▶ Problem description
Please print every record below exactly as it appears, but leave out the pictures.

[Source records]
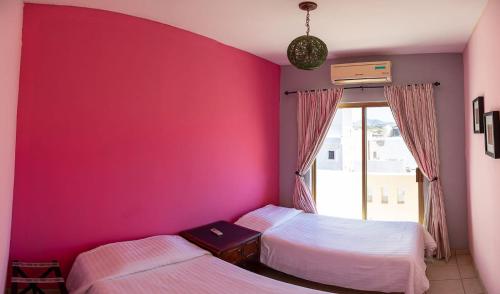 two beds in a room with a pink wall at Garimar Condominios en San Carlos in San Carlos
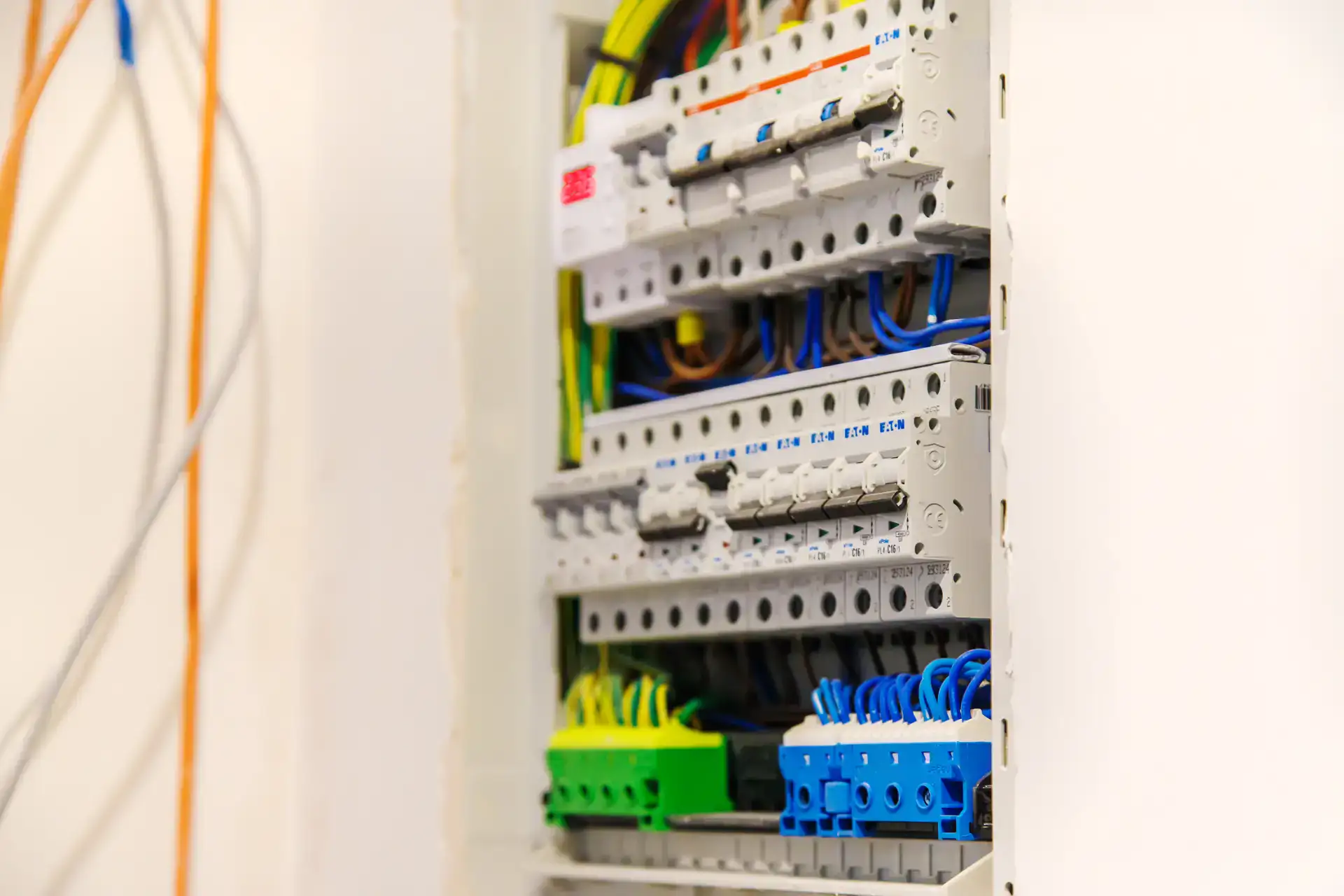 Elektrisk tavle med farvede ledninger og sikringer.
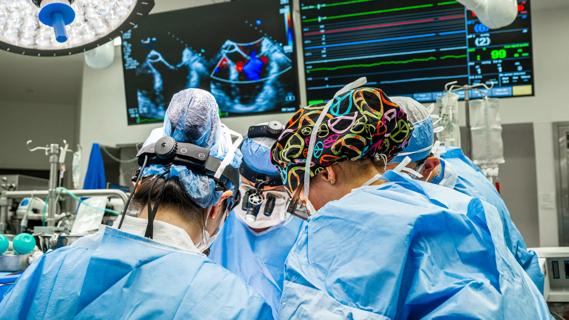 surgical team operating below monitors in an operating room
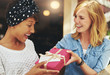 © Flamingo Images - Young woman giving a friend a surprise gift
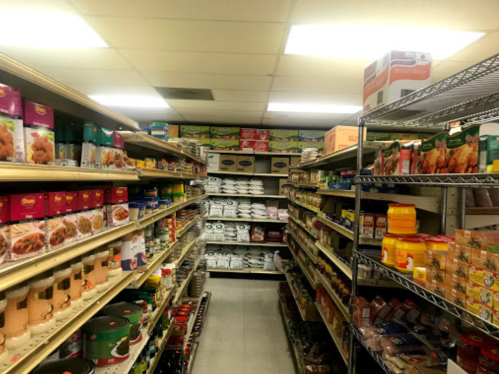 A grocery store aisle filled with shelves of various packaged food items and canned goods.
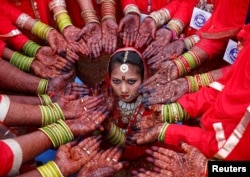 Brides display their hands decorated with henna around a bride as she poses for her own photographer during a mass marriage ceremony in which, according to its organizers, 70 Muslim couples took their wedding vows, in Ahmedabad, India, February 11, 2018.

▶ Output of the task
 two beds in a room with a pink wall at Garimar Condominios en San Carlos in San Carlos
 Elektrisk tavle med farvede ledninger og sikringer.
 surgical team operating below monitors in an operating room
 © Flamingo Images - Young woman giving a friend a surprise gift
 A grocery store aisle filled with shelves of various packaged food items and canned goods.
 Brides display their hands decorated with henna around a bride as she poses for her own photographer during a mass marriage ceremony in which, according to its organizers, 70 Muslim couples took their wedding vows, in Ahmedabad, India, February 11, 2018.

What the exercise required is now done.